Stephen Hallam and his wife Karen farm at the remote Grange Head Farm, two miles down the end of a valley from Egton Bridge, where they tenant from the Mulgrave Estate across 477 acres of mainly rough grazing, and have grazing rights on 4,500 acres on Egton High Moor right across to Rosedale.
Stephen said the local landscape that was once almost wholly taken up with Swaledale and Mule sheep now includes his and other farmers’ Cheviots too.
“When we first got them it was as though ‘what have the Hallams got these for? They’ll not do any good around here,’ but now there are loads of farmers with them.
“For me it is their hardiness, the way they grow and their cost effectiveness that makes all the difference. Our flock is now all Cheviots and has been for years. We have 1,600 breeding ewes and 1,000 of them are up on the moor where they do well even in the harsh north-easterly winds. They last longer too.
“They don’t need as much feed as when we had the Swaledales and they produce what other Cheviot breeders as well as us are now seeing as better lambs, achieving weights at anywhere between 40-45 kilos.

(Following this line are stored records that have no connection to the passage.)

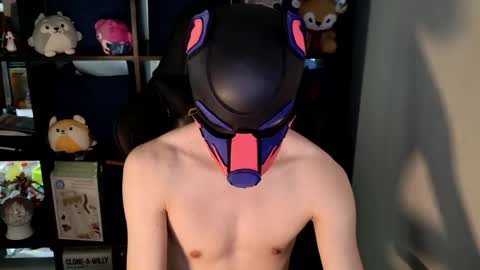 MellPUP online show from 05.30.26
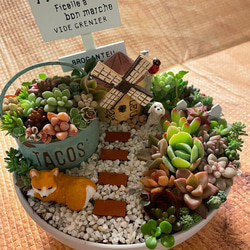 ❤️多肉植物❤️そのまま飾れる寄せ植え❤️スイカねこちゃん❤️ 受注制作 円形わんちゃんにゃんこ箱庭風多肉植物寄せ植え 多肉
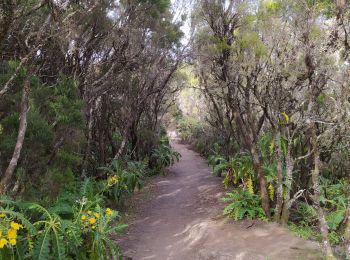 Tocht Stappen Agulo - alto de garajonay - Photo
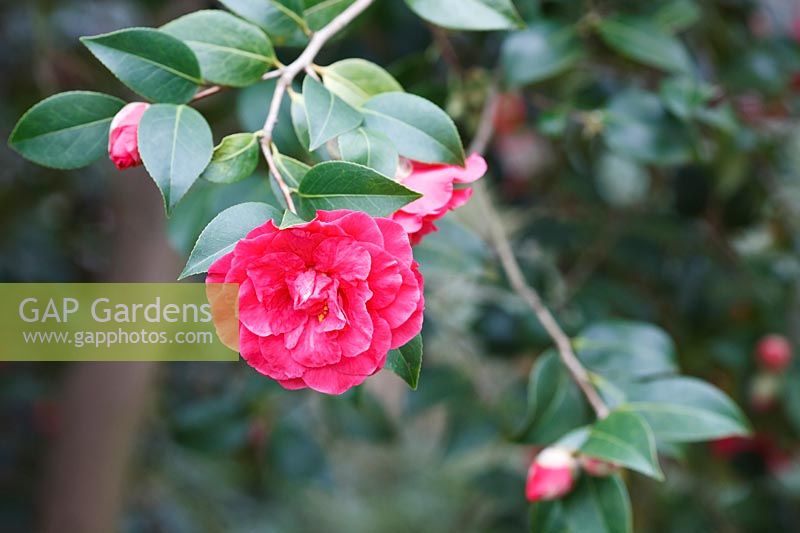 Camellia x williamsii 'Rose Parade'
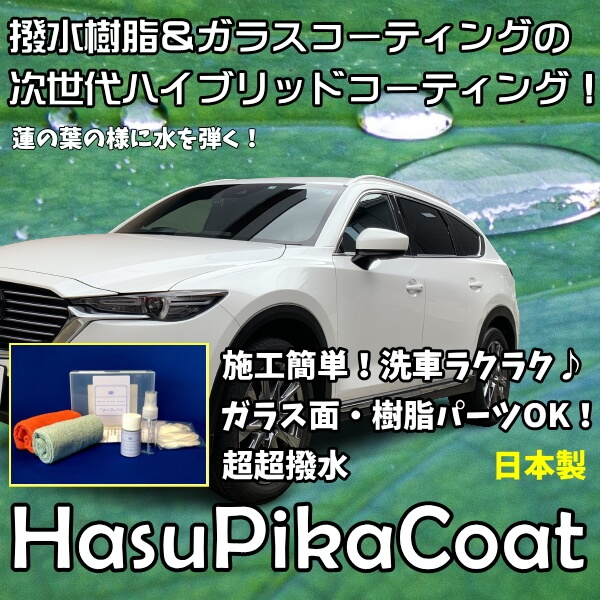 コーティング剤 車 ガラス 蓮ピカコート ボディ 撥水樹脂ガラスコーティング ガラスコート剤 10cc 日本製
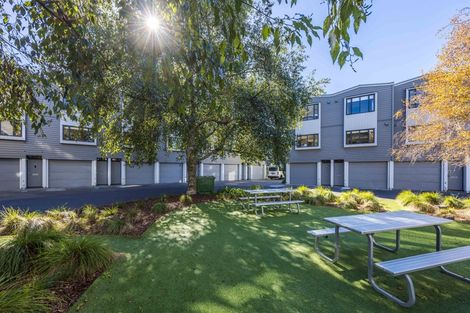 Photo of property in 8 Dovedale Place, Parnell, Auckland, 1010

“We sold all the remainder of our latest crop of lambs destined for the meat trade as stores last year due to the prices. They go on to fatteners who will take them through to around 55 kilos. The ewes are great at producing a very healthy, solid-bodied lamb.”
Stephen buys new Cheviot tups for his flock from the society breed sales held at Lockerbie and Lairg, way up in the Scottish Highlands, every year. It’s the longest journey he makes, nearly 400 miles, but with good reason.
“The tups sold at both auction marts are the hardiest you will find and at Lairg they are even hardier. We do need that kind of tup up here, but we don’t go silly on price. The highest price we’ve paid is £3,000.”
Stephen said the move towards the North Country Cheviots started when they purchased 170 Cheviot ewe lambs from one of the breed’s best-known names.
“We bought them from Joyce Campbell in Armadale who has been Scottish Sheep Farmer of the Year and we just kept increasing their numbers by breeding more ourselves and decreasing the Swaledales as we grew the Cheviot numbers until we became totally North Country Cheviots.
“We start lambing on April 1 each year for what usually amounts to four weeks. That’s myself, Karen and one of our two sons, Jamie, who runs a digger business the rest of the year apart from April.
“We will have all our sheep scanned next week by Tim Dunn of Bransdale and we normally hit around 155-160 per cent prolificacy overall. The Cheviot is not known for having a lot of lambs.”
Stephen said the saleability of his wether lambs was one of the most immediately noticeable positives of having switched to Cheviots. “We had always struggled selling wether lambs until taking on the Cheviots, which sell really well. We also sell surplus ewe lambs well too.
“We start gathering up our wether lambs on the moor at about the middle of August and that usually means that about three-quarters of the wethers that have grown best can be got away as soon as possible. The smaller ones will grow on to be sold later.”
Stephen said that he tries to keep back around 400 ewe lambs each year as replacements for the flock as he sells ewes as four-crops. He sells around 250 ewe lambs to other Cheviot and commercial breeders with the remainder of his ewe lambs being sold starting from the end of September, but nothing generally goes through a livestock market.
“Everything goes privately and most of our buyers tend to come here with many buying 30-40 at a time. The reason we don’t generally go to markets is that those that buy Cheviots in any significant number are miles away and as we’re stuck in a corner it takes too long for us to get anywhere regularly.”
This year could be a first for Stephen and Karen. Stephen said they are preparing for a foray into selling rams at the annual Lockerbie sale.
“If all goes according to plan we will be going. We generally keep back around 15-20 ram lambs with a view to then selecting four or five for ourselves. We’ve held back from going up to one of the major sales with any of our own and you can only really go if you have something worthwhile. We’ve been working at it now for a few years. Hopefully, we will have something that looks right.”
Stephen and Karen moved to Grange Head Farm from near Glossop in Derbyshire where Stephen had been born, the youngest of nine siblings. Stephen said the land is similar to what they farmed in the hills around Chunal.
“We moved here because we wanted our own farm, big enough to bring up our family. The east winds can be a killer and the Beast from the East fettled us a few years ago when we lost around 60 lambs, not from the snow but just how cold it was. “.
Stephen said the farm isn’t all rough grazing and moorland. “We have 150 of our tenanted acres that we can mow and we rent a further 150 acres in the village.”
Stephen was always destined to be a farmer but has found that even with 1,600 breeding ewes there has been a need to diversify.
“Farming was all I ever wanted, as well as family. Karen and I have two other sons, Jack who has a joinery business in Egton Bridge, and John who is studying politics at Teesside University. We have a daughter, Kate, who is still at school.
“I always want most of my income to come from breeding quality sheep, but with us losing the single farm payment we realised we would have to do something else. That’s why we bought two diggers.”